Task to complete. Omit every picture, and retype the lines that run from the beginning of the data below through the line containing "Question 6: 0.2, 0.22, 0.222, 0.2222.", inclusive.
── Records for the exercise ──
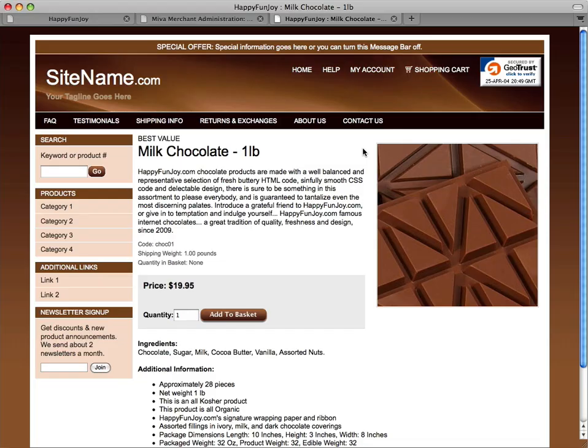This video will show you how to create and add products to your web store. We're assuming that you've prepared your product images, descriptions, and prices ahead of time. Let's get started.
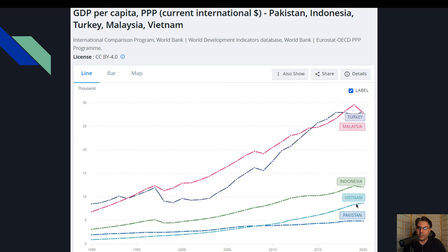What I want to see here is that the next step level for Pakistan to reach is Vietnam, then Indonesia, then Malaysia. You can see the clear differences here.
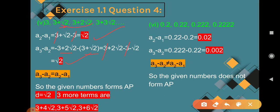Question 6: 0.2, 0.22, 0.222, 0.2222. Here, the number of decimal places is increasing in each term: 1, 2, 3, 4. The differences are 0.02, 0.002, etc., which are not equal. So A3 minus A2 is not equal to A2 minus A1, and the given numbers do not form an AP.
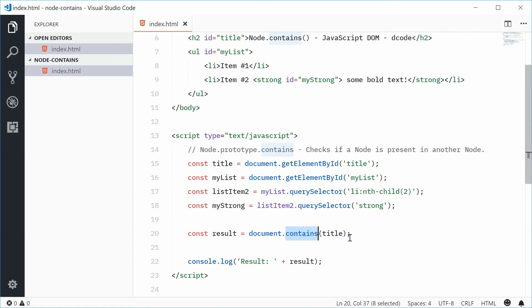Okay, notice how you can use the node.contains method in the JavaScript Document Object Model. Thank you for watching and I'll see you later.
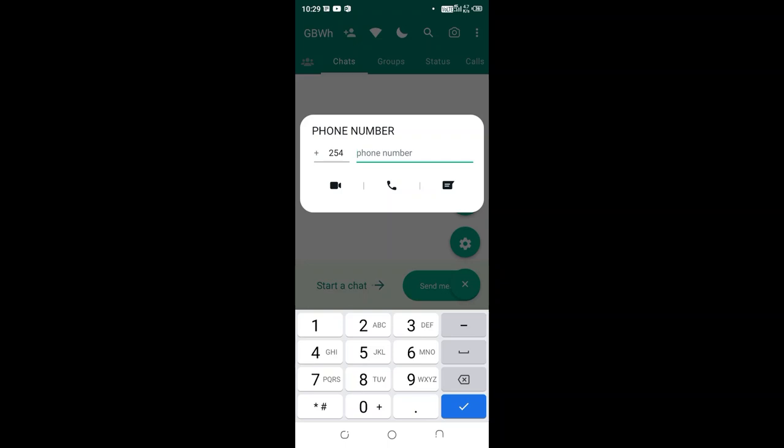Then input the number which you want to text. So the number is here. I don't want to save the number but I want to text the number.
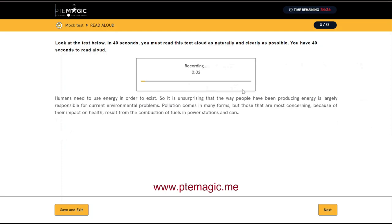Humans need to use energy in order to exist, so it is unsurprising that the way people have been producing energy is largely responsible for current environmental problems. Pollution comes in many forms, but those that are most concerning because of the impact on health result from the combustion of fuels in power stations and cars.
───
Task answer.
This video will show you how to create and add products to your web store. We're assuming that you've prepared your product images, descriptions, and prices ahead of time. Let's get started.
What I want to see here is that the next step level for Pakistan to reach is Vietnam, then Indonesia, then Malaysia. You can see the clear differences here.
Question 6: 0.2, 0.22, 0.222, 0.2222. Here, the number of decimal places is increasing in each term: 1, 2, 3, 4. The differences are 0.02, 0.002, etc., which are not equal. So A3 minus A2 is not equal to A2 minus A1, and the given numbers do not form an AP.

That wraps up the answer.